You can also use one other card each battle, such as a mace or armor or even another monster, to enhance your fighting cards' offense or defense. Finally, you can spend magic points to "level up" each cell of land - just like putting a hotel on a Monopoly square - to give it a higher rent, or even change its elemental affinity entirely. Oh yeah - you also win new cards each battle (there are more than 500) and can construct your own decks, which the game calls "books".
In fact, you'll need to do a ton of that in order to beat some of the higher-level enemies. The game gets progressively more difficult, but there’s a Versus mode that let’s you jump out of the story mode if you get stumped by a particular fight, build up your book and then go back and kick some serious ass.
Suffice to say, there's enough depth here to have you going for months. The great thing about Culcept Saga is that even if you didn’t understand anything we just described above, you can literally just jump in and start playing and you’ll do great. On an equally cool yet vexing note, you can play 150 matches (even online!) and still not fully have the skill and know-how to call yourself a Culcept Master. Translation: Culdcept Saga has an infinite replayability factor.
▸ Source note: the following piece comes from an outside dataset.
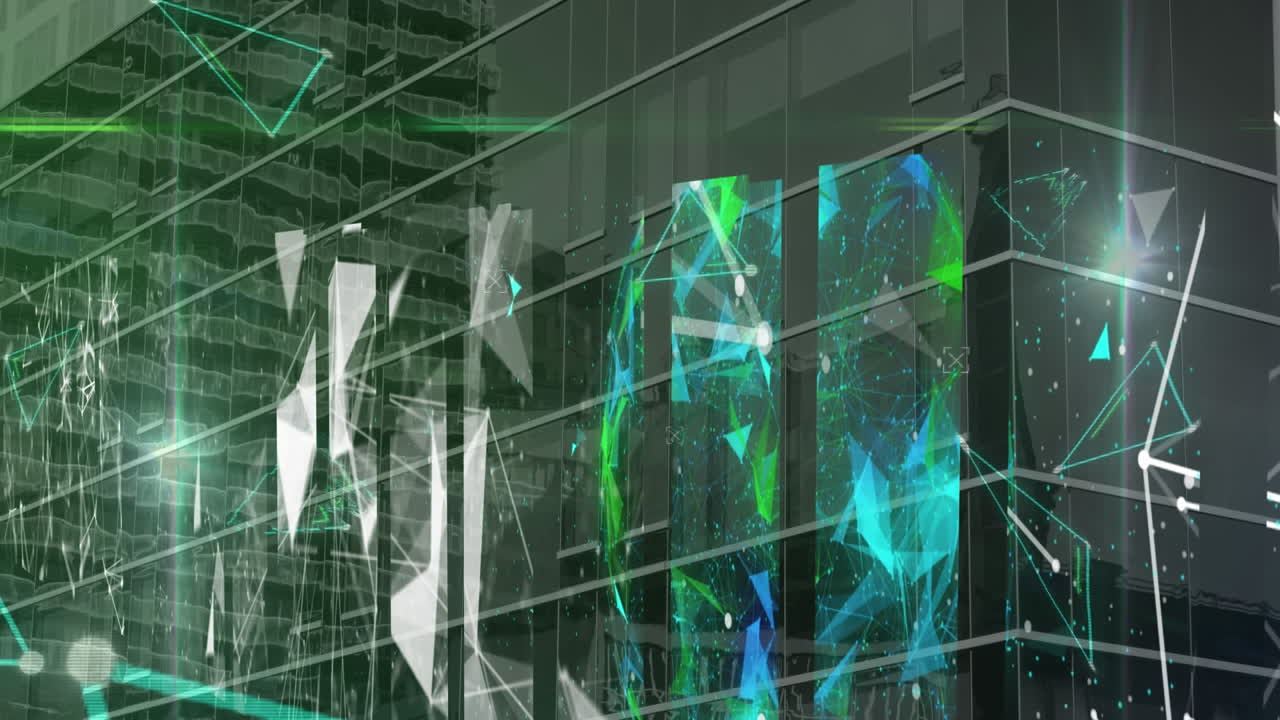 animación de la red de conexiones y globo sobre la oficina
If you give it a chance, you’ll be amazed by how difficult it is to put Culdcept Saga down. We found ourselves pulled away from Devil May Cry 4, Burnout Paradise and Supreme Commander, all to jump into another match of cardbased tit-for-tat. It’s not because the story is so compelling. And it certainly isn’t because of some great visual wizbangery, the graphics are generally pretty ho-hum, though the art on the cards can be pretty. It’s just damn fun.